Breast cancer is the most frequently diagnosed non-cutaneous cancer among women. Only lung cancer is responsible for more deaths among women in the United States. However, the survival rate for women with localized breast cancer has increased from 80% in the 1950s to 98% today.
Only 5-10% of breast cancers are due to heredity. The majority of women diagnosed with breast cancer have no known significant family history or other known risk factors.
Breast cancer among men is increasing and more than 2,000 men will be diagnosed this year. While African American women are less likely to be diagnosed with breast cancer, they are more likely to die from the disease.
The most proven and significant risk factors for getting breast cancer are being female and getting older. The median age at the time of diagnosis is 61 years old.
The most widely accepted breast-screening procedure today is X-ray based film/screen and/or full field digital mammography. However, despite the proven benefits of mammography, visualization of cancers in dense breast tissue through the use of mammography is limited, resulting in missed cancers or in the discovery of later stage cancers. Some 40% of women in Europe and the U.S have some amount of dense breast tissue. In Asia, the numbers rise to 60-70%. Breast cancer risk can be 4-6 times higher for women with significant breast densities compared to women with no dense structures.
Below is an example of a breast cancer in a woman with fatty breast tissue (non-dense). The white tumor in the left breast (Lt MLO) is easy to visualize against the dark gray and black fatty tissue.
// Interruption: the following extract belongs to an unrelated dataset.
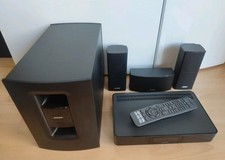 Bose 520 soundtouch gebraucht kaufen Bose 520 soundtouch gebraucht kaufen  Wetzlar
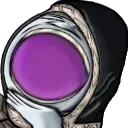 A1_Tribute_Rahool_OMEGALOL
Comparatively, the mammogram below is from a woman with dense breast tissue. The dense tissue appears white, just like a tumor would appear, making breast cancers difficult for a radiologist to identify. This is why up to 50% of breast cancers are missed by mammography in women with dense breasts.
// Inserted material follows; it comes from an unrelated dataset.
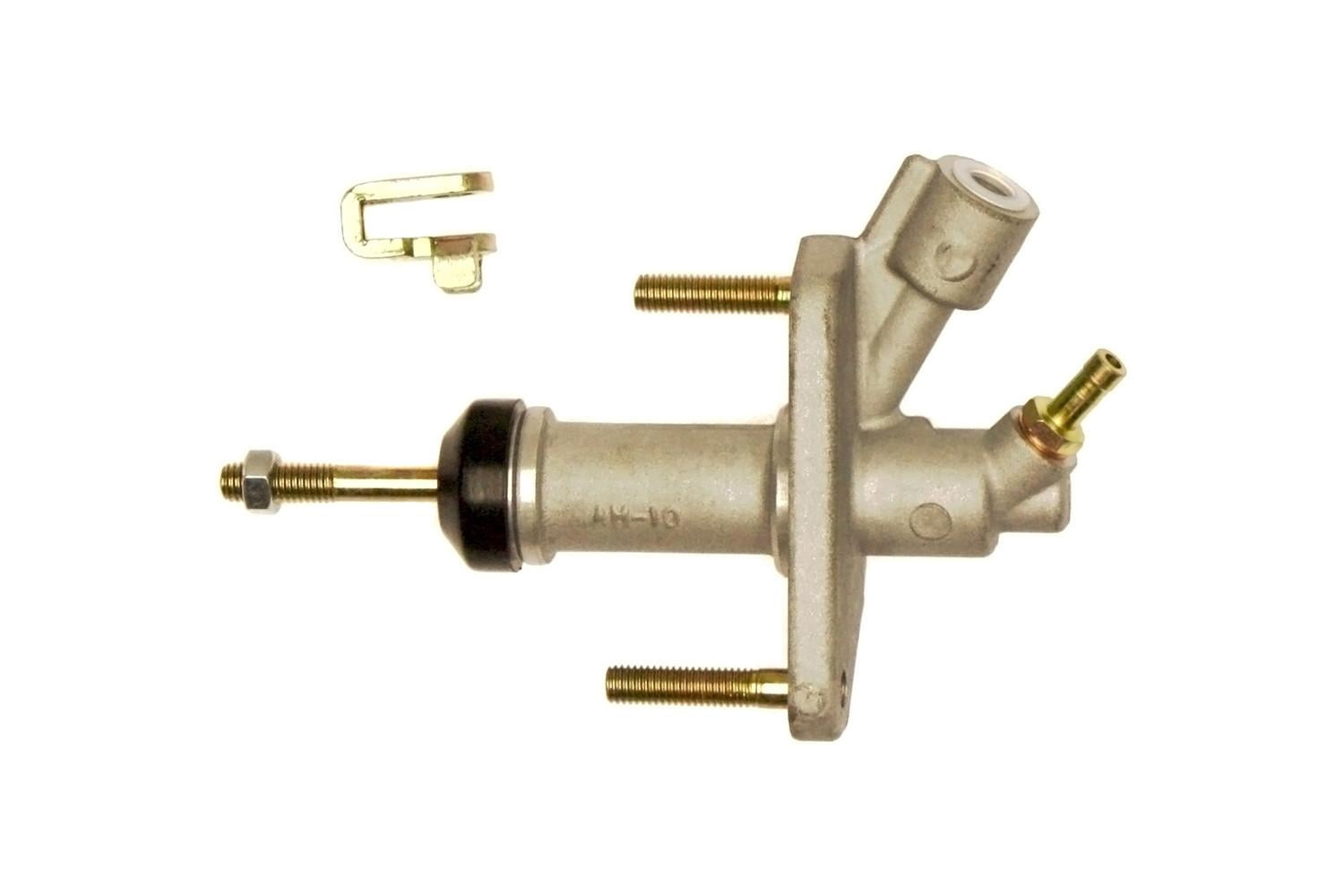 EXE Master Cylinders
U-Systems ABUS technology is designed to be an effective solution to the clinical problem of dense breast tissue. With a 3D ultrasound volume and U-Systems software, the radiologist can quickly look through hundreds of breast tissue image "slices", virtually peeling back the layers of dense tissue to find breast cancers which may have been hidden by that dense tissue on the mammogram.

A single Coronal slice from an ABUS exam of a patient with dense breast tissue and normal mammography. The nipple is marked in yellow and the tumor, which resembles a black hole on ultrasound, is visible in the eleven o'clock position (11:00) of the image. Because of the increased breast density, this tumor was not visible on mammography.